__TASK INPUT__

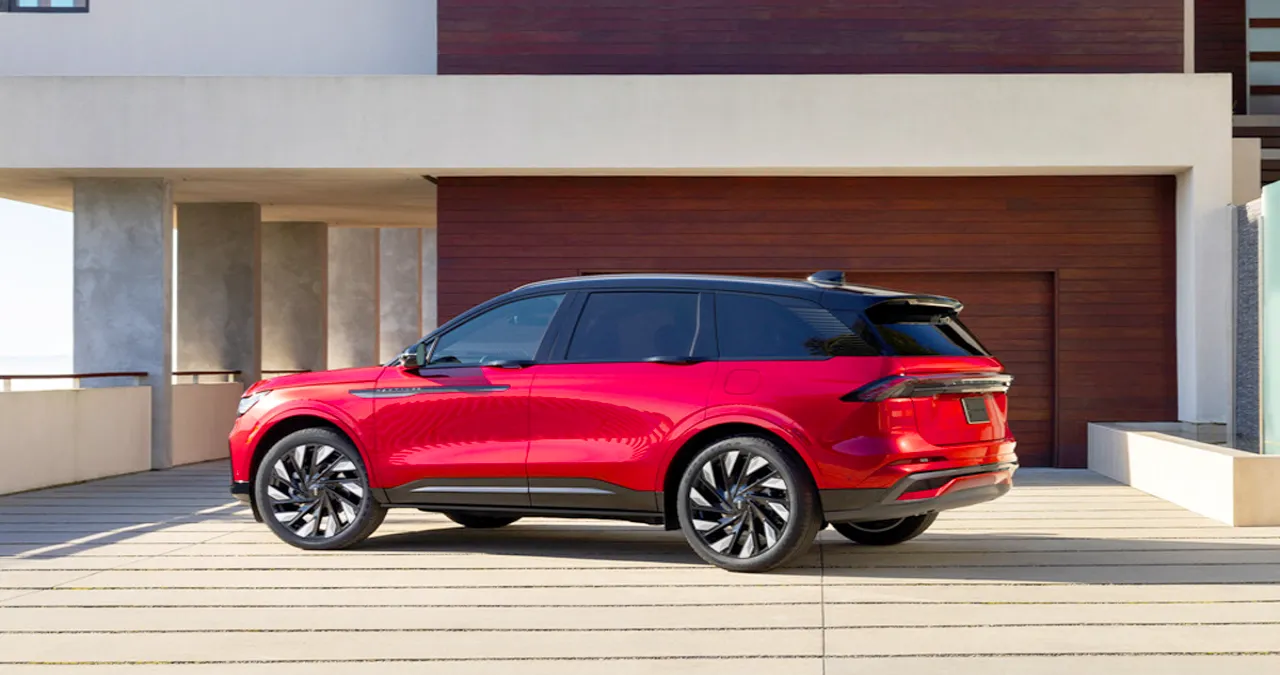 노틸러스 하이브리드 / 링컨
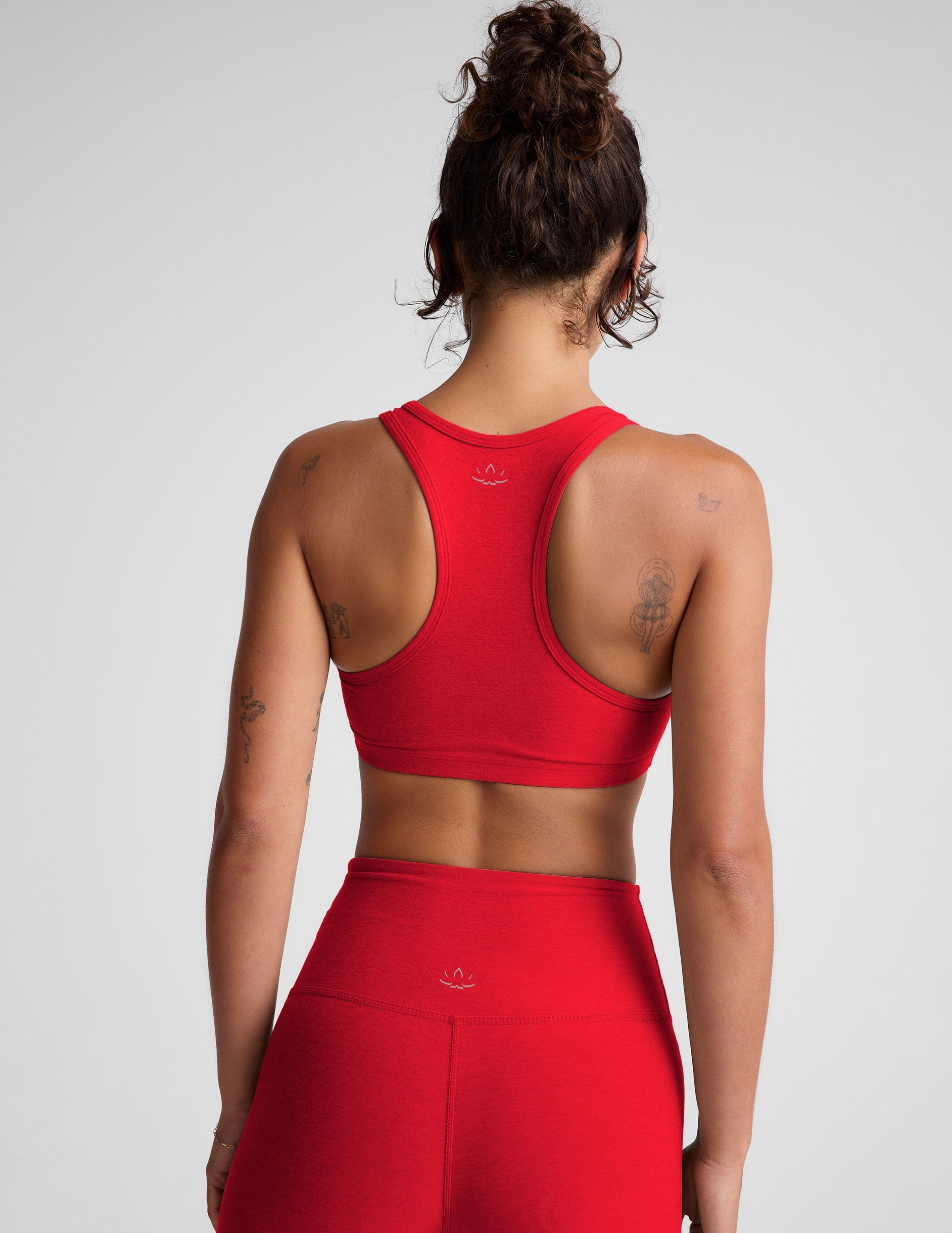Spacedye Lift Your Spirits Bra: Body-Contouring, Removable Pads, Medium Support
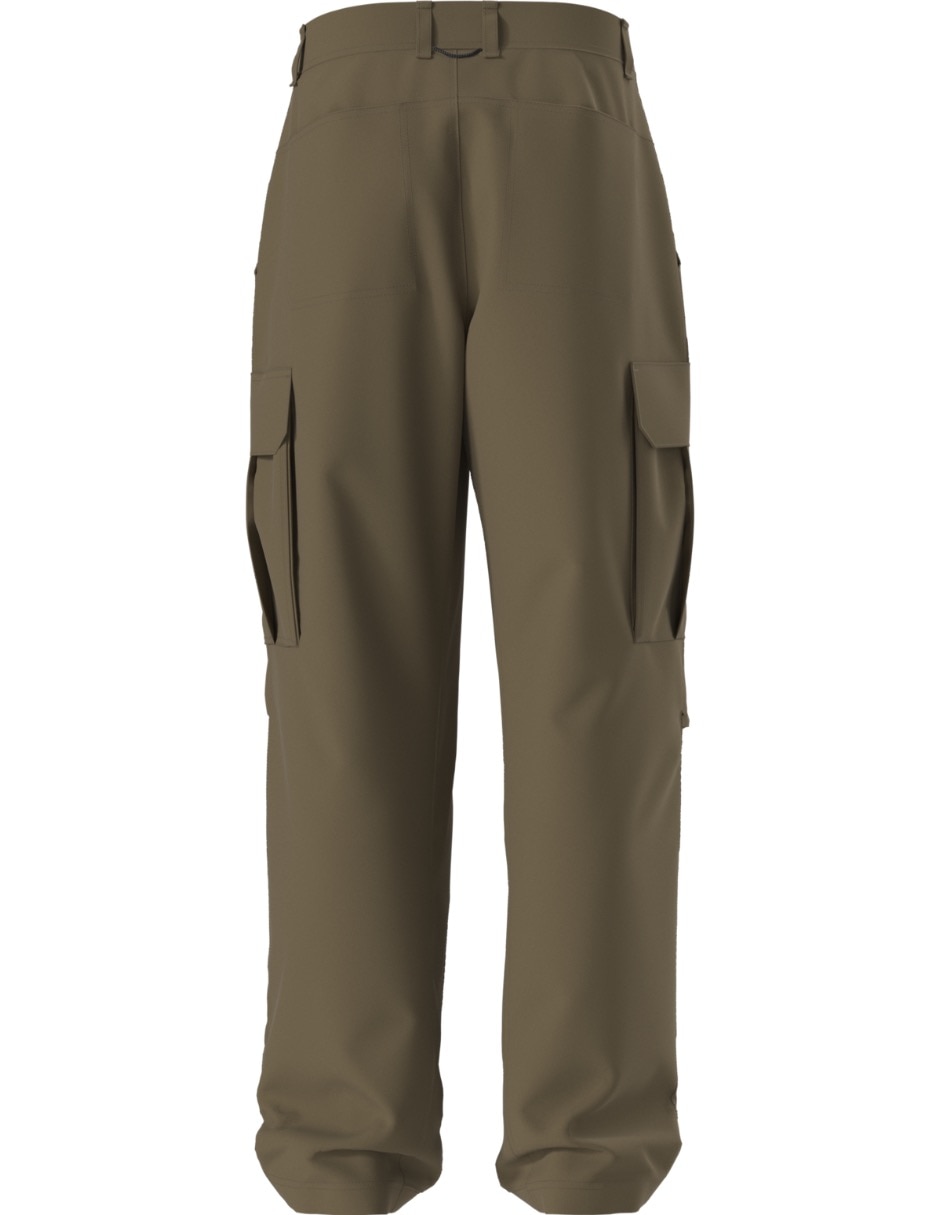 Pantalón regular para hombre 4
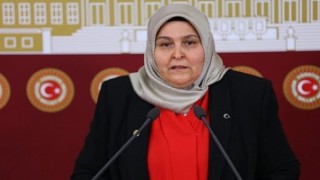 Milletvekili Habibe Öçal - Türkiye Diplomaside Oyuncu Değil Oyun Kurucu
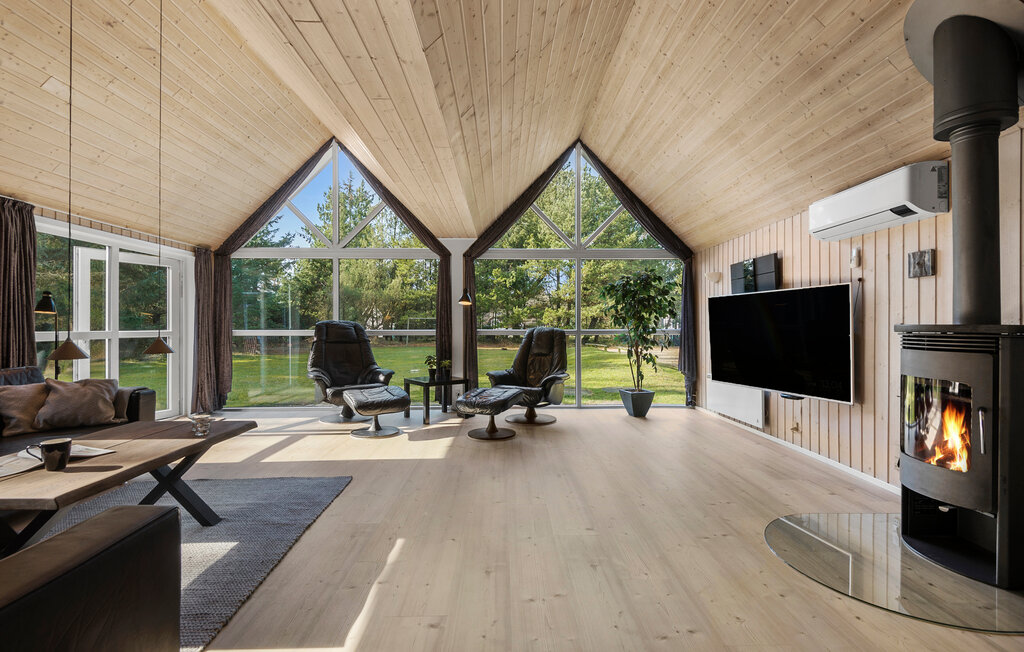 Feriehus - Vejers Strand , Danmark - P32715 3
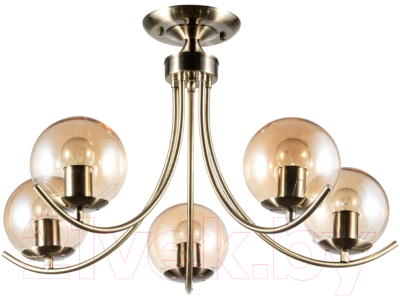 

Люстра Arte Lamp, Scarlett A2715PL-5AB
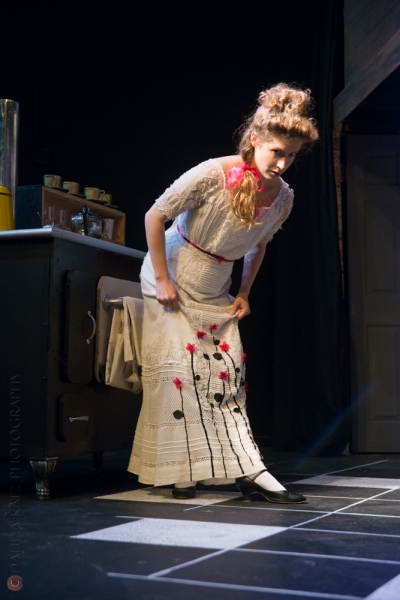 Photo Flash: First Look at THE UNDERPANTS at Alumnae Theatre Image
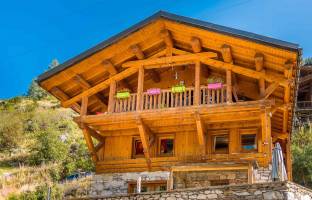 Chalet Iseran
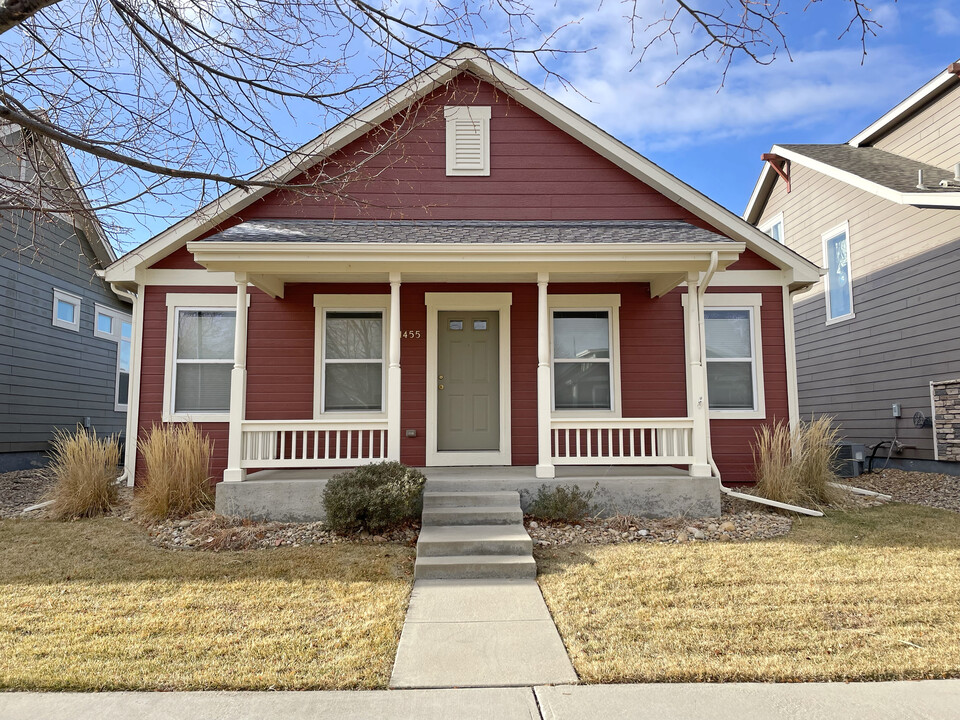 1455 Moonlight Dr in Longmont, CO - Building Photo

__WORK TO BE COMPLETED__
Where a line contains "Photo Flash: First", begin there and transcribe every line through the last one of the records above, exactly and with no pictures.

__REPLY__
 Photo Flash: First Look at THE UNDERPANTS at Alumnae Theatre Image
 Chalet Iseran
 1455 Moonlight Dr in Longmont, CO - Building Photo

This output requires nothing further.